Most Americans, even though they aren’t poor, are not rich, and they certainly don’t ever rub shoulders with the kind of people Mr. Romney was addressing in Boca Raton. Americans should consider carefully whether he has the moral stature and the empathy with ordinary people that, in my view, a head of state should possess.
By the way, here in the frozen north there is a gleeful sense that Mr. Romney shot himself in both feet with a bazooka, and that this will surely ruin his chances of becoming president. If Canadians were allowed to vote, the president would poll well over 70%. During the 2008 election, a Conservative columnist with the National Post, the leading right-wing daily in Canada, said on TV that of course she wanted Barack Obama to win: “I’m a Conservative but I am a Canadian Conservative, and that puts me to the left of many US Democrats.” She was exaggerating somewhat, but the sense of social responsibility does seems stronger here than in the US. Aside from that, the President’s skin colour is hardly an issue up here.

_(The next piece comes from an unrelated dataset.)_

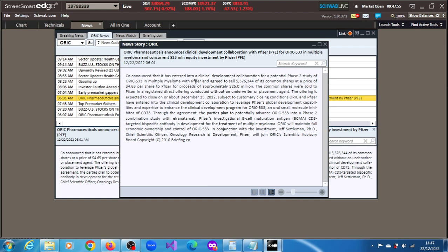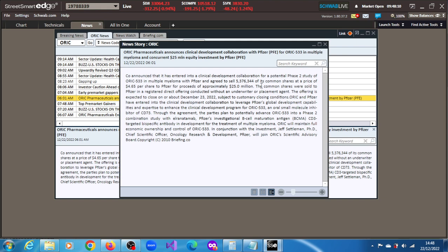The company announced that it has entered into a clinical development collaboration for a potential phase 2 study of ORIC-533 in multiple myeloma with Pfizer and agreed to sell 5.376 million shares of its common shares at the price of $4.65 per share to Pfizer for proceeds of approximately $25 million.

Hi Michiel, I know most Americans aren’t as rich as Romney, but America does have the highest number of super rich people in the world, and the biggest difference between rich and poor. And with my example of the homeless guy I was pointing out that, even though Romney’s views are unusually unfeeling, a lot of Americans (judging by the number of cars where the windows don’t come down to give some money) rationalize somewhat in the same way.
I know that Baarn had/has its share of rich people, not to any standards, but to Dutch standards. The same for Het Gooi. But they also paid a lot more in taxes. So as long as they pay a proportionate amount of taxes, they can grumble all they want, and look down on the poor all they want. I don’t care. But in America the super rich pay less taxes, relative to their income, than lower middle-class Americans, and yet they complain the most about the poor mooching off the government. That just gets to me.
I would agree with you that Romney has shot himself in the foot to such a degree that he’ll lose the election, if this happened a week before the elections. But the American media have short memories, and he has a lot of time to wash it all away with more generic talk about “fixing” things. James Carville pointed out that Bush was just as behind in 2000 as Romney was right after that video, but he’s already inching up again.
I’m looking forward to the debates. They should make a difference, too.
Thanks for your thoughtful response, as always, Michiel.